Ces risques doivent cependant être relativisés en fonction du contexte :

« La fonction ou la taille de l’entreprise a une influence importante. On peut avoir le même employeur mais exercer des métiers complètement différents dans des secteurs distincts. Ce n’est pas la même chose dans les petites équipes ou si l’on partage le même bureau. Ainsi, les difficultés possibles doivent être évaluées au cas par cas. »

Jan Borer Diplômé en psychologie du travail

Parmi les enjeux les plus compliqués à surmonter, nous pouvons citer les liens interhiérarchiques entres partenaires, différents degrés d’ancienneté, ainsi que les situations de promotion ou de rupture. Ces dernières peuvent se répercuter aussi sur les équipes, avec des accusations de favoritisme, des commérages… ou le risque de voir des clans se former en cas de mésentente après une séparation.

 

Qu'en dit le droit ?

La loi suisse n’aborde pas spécifiquement la question et le sujet demeure complexe. Le principe est le respect de la vie privée des collaborateur∙rices, soit la liberté d’entretenir des relations amoureuses entre collègues sans devoir rendre de comptes. Certains règlements internes peuvent toutefois prévoir des dispositions particulières, telles que l’obligation d’annonce.

« Ces exceptions visent principalement à éviter des conflits d’intérêts, voire des conflits tout courts, notamment dans l’exécution du travail ou en raison des rapports hiérarchiques.

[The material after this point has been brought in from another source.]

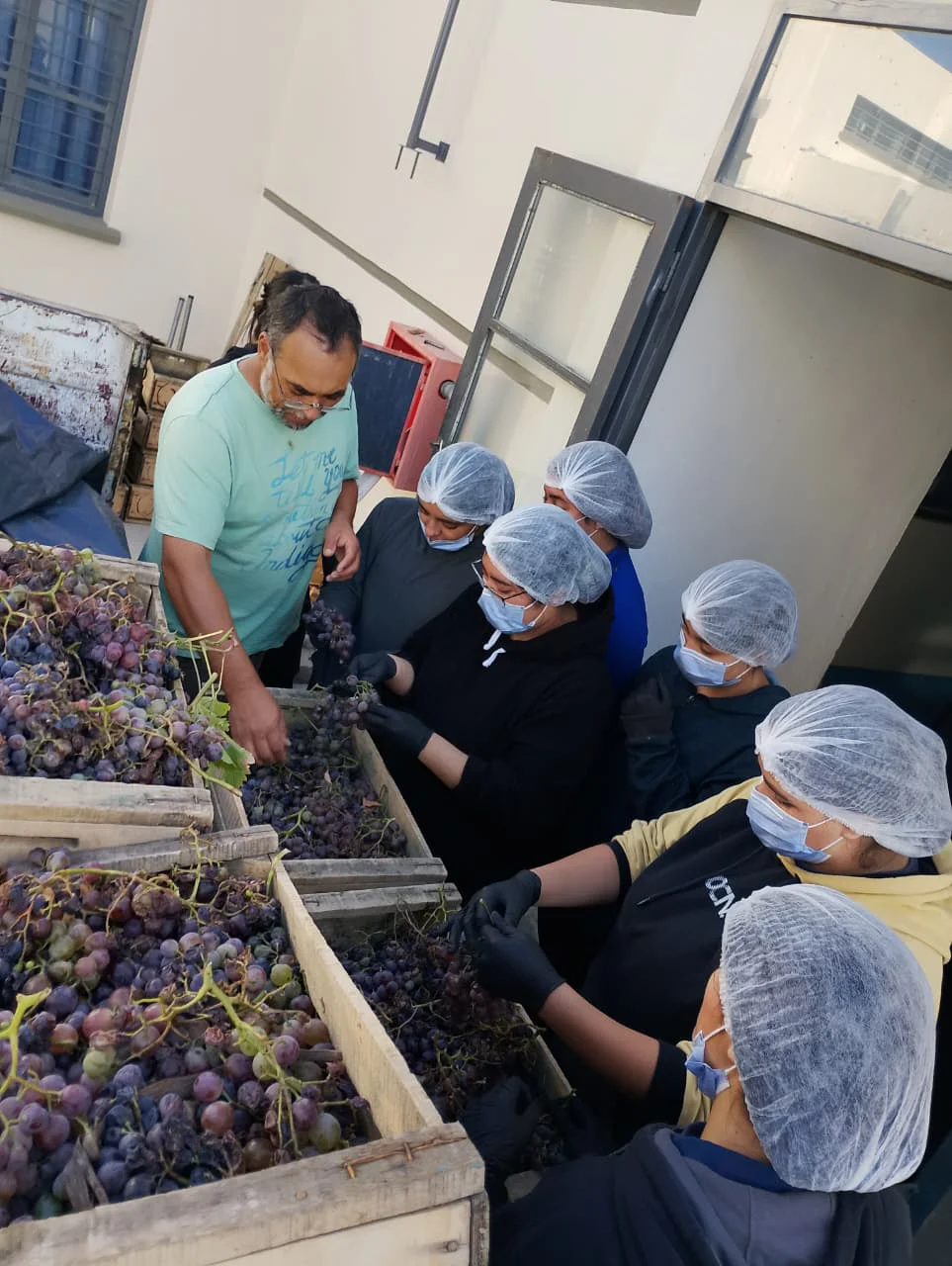 uvas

On peut alors envisager tant une obligation d’annoncer la relation qu’une interdiction de relations pour certaines fonctions. »

Pierre Derivaz Avocat chez Angestellte Schweiz.

Ce sont dans les secteurs très règlementés, comme les banques ou l’audit, que l’on retrouve le plus souvent ces directives. Certaines entreprises prévoient aussi des transferts de poste pour dissoudre les rapports interhiérarchiques entre les collègues qui déclarent être en couple. Cela est autorisé à condition de proposer un poste équivalent.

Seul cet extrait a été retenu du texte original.